++++ Stored data

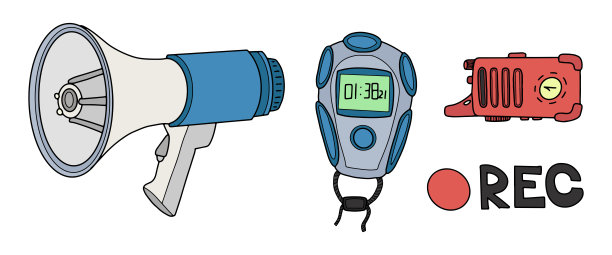 插图的扩音器，秒表，记录设备，并在鲜艳的颜色REC文本。图片下载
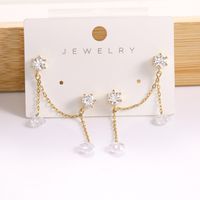 Copper 18K Gold Plated Simple Style Classic Style Plating Inlay Solid Color Zircon Ear Line main image 5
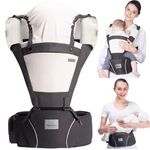 Bebamour Baby Carrier Newborn to Toddler Baby Carrier Hipseat 0-36Months with Head Hood, 3 PCS Teething Pads, Waist Extender, Dark Grey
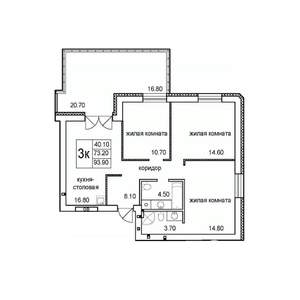 3-к квартира, строящийся дом, 94м2, 1/8 этаж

++++++++

*Problem statement*
The answer is the run of lines from the one with "Copper 18K Gold" through the final line of the data, copied exactly, and nothing else; no pictures.

*Written response*
 Copper 18K Gold Plated Simple Style Classic Style Plating Inlay Solid Color Zircon Ear Line main image 5
 Bebamour Baby Carrier Newborn to Toddler Baby Carrier Hipseat 0-36Months with Head Hood, 3 PCS Teething Pads, Waist Extender, Dark Grey
 3-к квартира, строящийся дом, 94м2, 1/8 этаж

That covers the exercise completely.